*Work to be completed:*
The response should be an exact transcription of the data below, free of images.

*Material shown:*
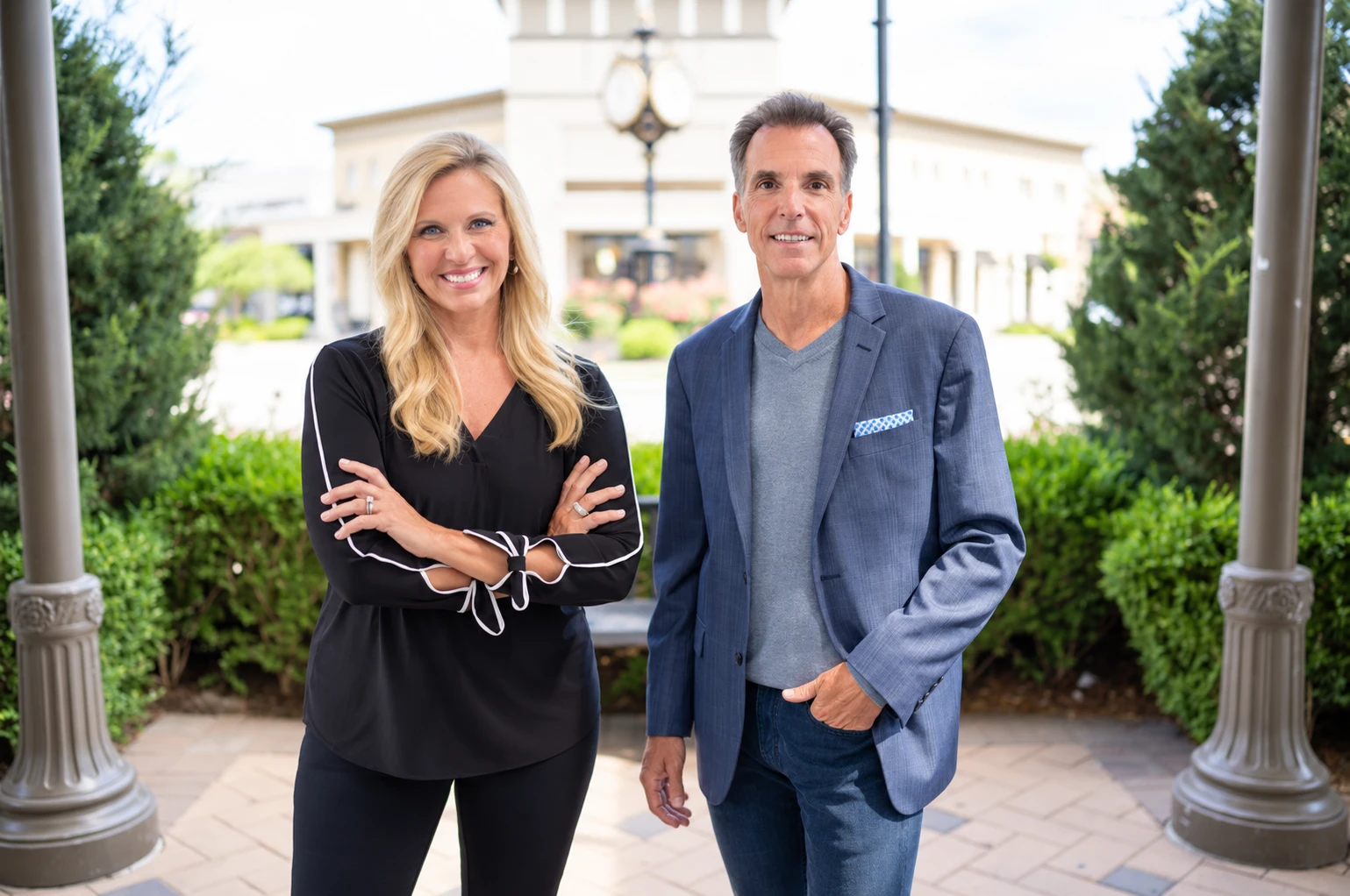 Bob and Deb smiling and standing together in front of a building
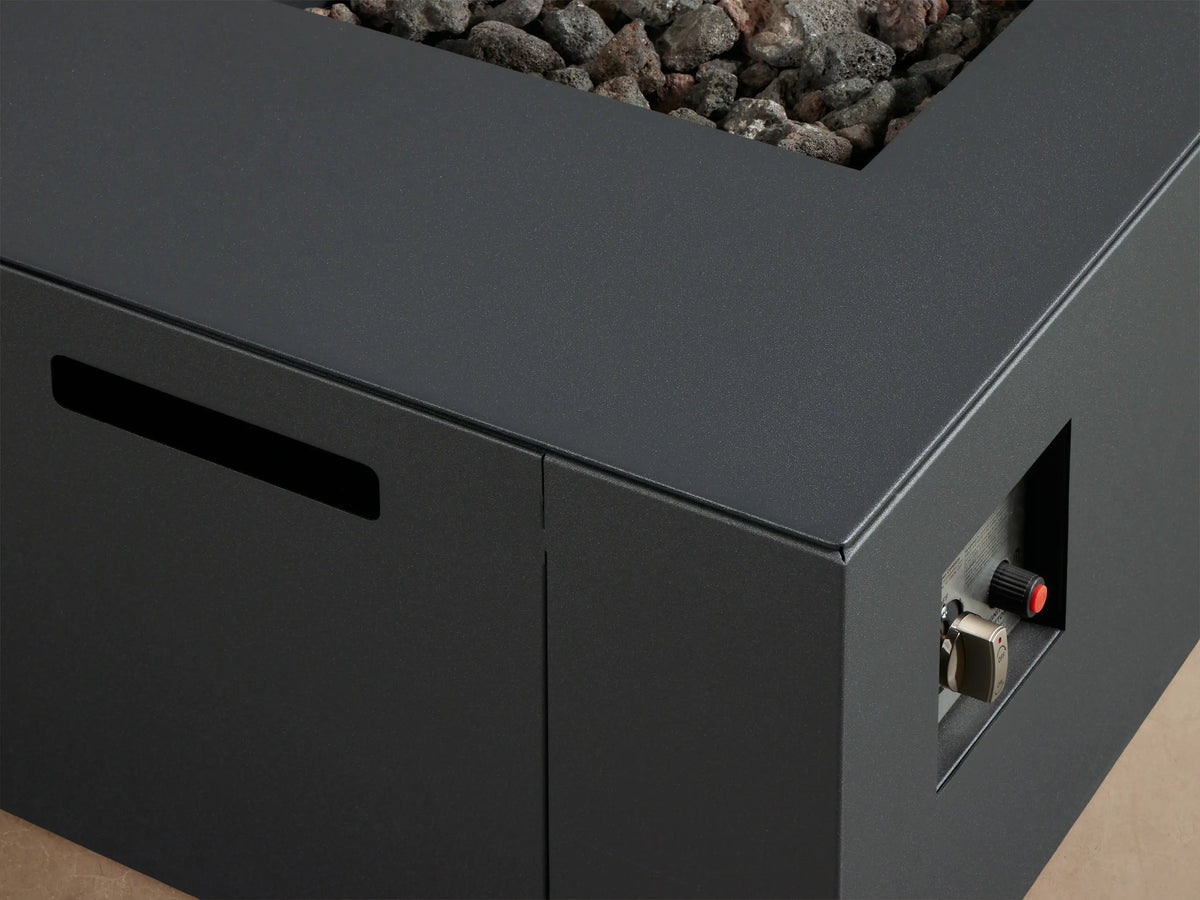Dark gray Coden Rectangular Propane Fire Pit with vibrant orange flames over brown lava rocks, set on a light patio against a wooden wall.
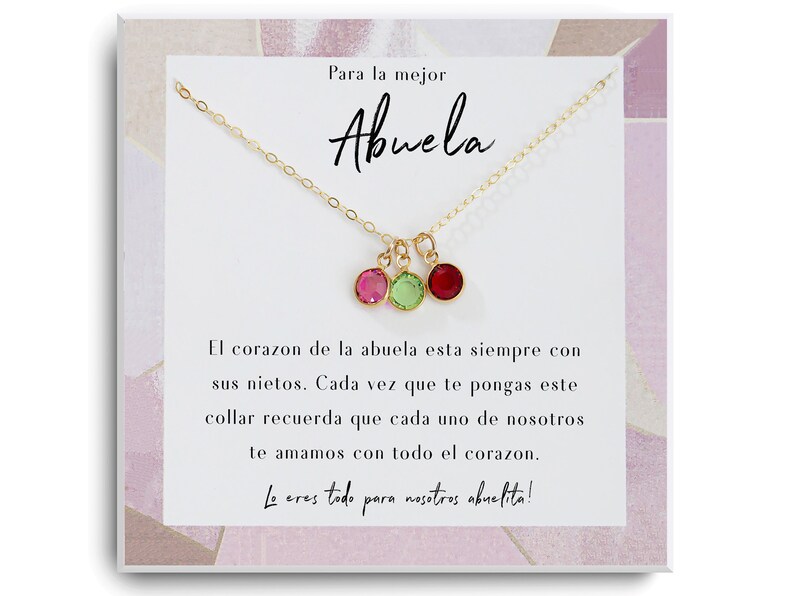 May include: A gold necklace with three small colorful gemstones hanging from it. The necklace is displayed on a card with the text "Para la mejor Abuela" and a message in Spanish about the love of a grandmother.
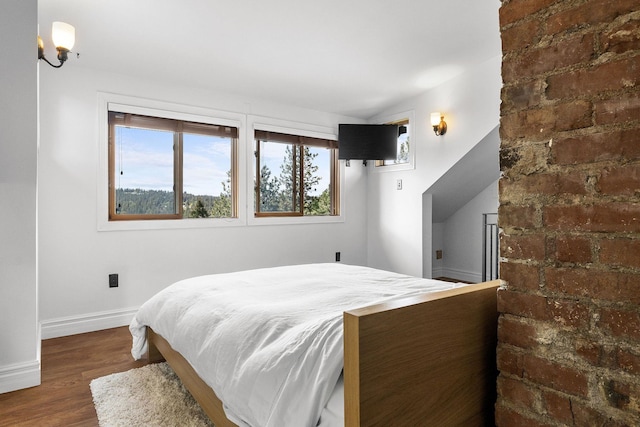 1732 W 14th Ave, Spokane, WA 99204 - bedroom with multiple windows, wood finished floors, and baseboards
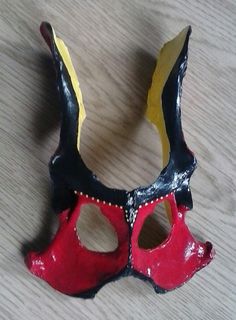 a red and black mask sitting on top of a wooden table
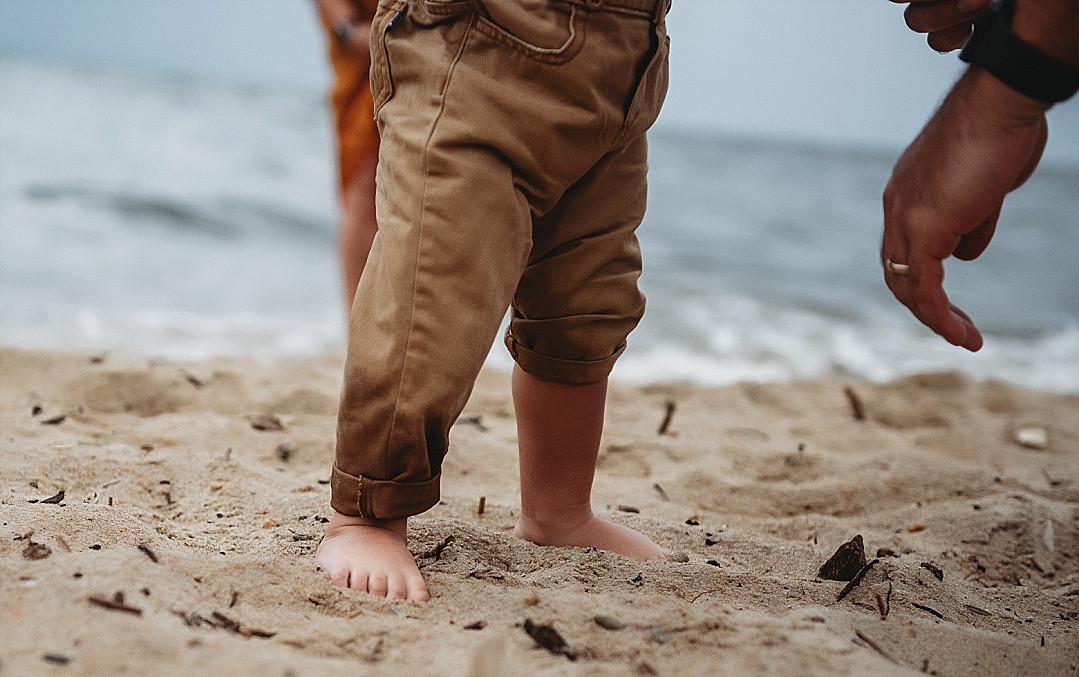 baby boy feet in sand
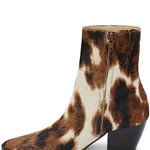 Brown and white cow print ankle boot on a white background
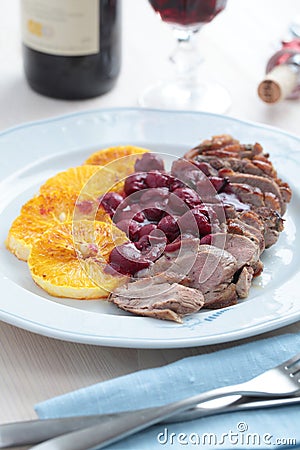 Duck meat with orange and cherry sauce Stock Photo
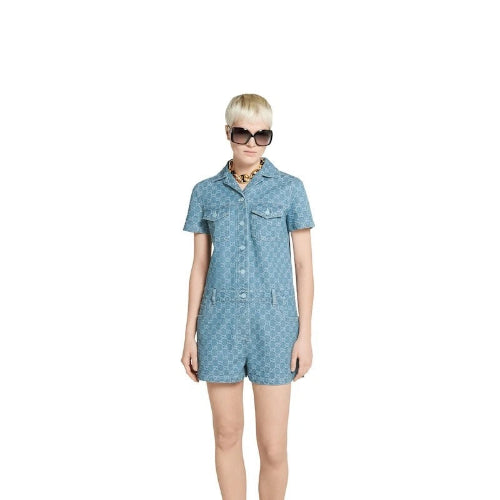 Woman wearing a blue dress with a pattern on a white background
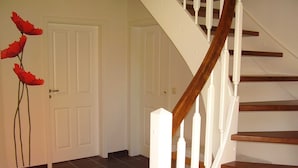 A staircase with wooden steps and white balusters, leading to a room with dark tiled flooring and white doors. - Vacation home in Nessmersiel 20-040a - 200-040a (Dornum)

*Answer section:*
 Bob and Deb smiling and standing together in front of a building
Dark gray Coden Rectangular Propane Fire Pit with vibrant orange flames over brown lava rocks, set on a light patio against a wooden wall.
 May include: A gold necklace with three small colorful gemstones hanging from it. The necklace is displayed on a card with the text "Para la mejor Abuela" and a message in Spanish about the love of a grandmother.
 1732 W 14th Ave, Spokane, WA 99204 - bedroom with multiple windows, wood finished floors, and baseboards
 a red and black mask sitting on top of a wooden table
 baby boy feet in sand
 Brown and white cow print ankle boot on a white background
 Duck meat with orange and cherry sauce Stock Photo
 Woman wearing a blue dress with a pattern on a white background
 A staircase with wooden steps and white balusters, leading to a room with dark tiled flooring and white doors. - Vacation home in Nessmersiel 20-040a - 200-040a (Dornum)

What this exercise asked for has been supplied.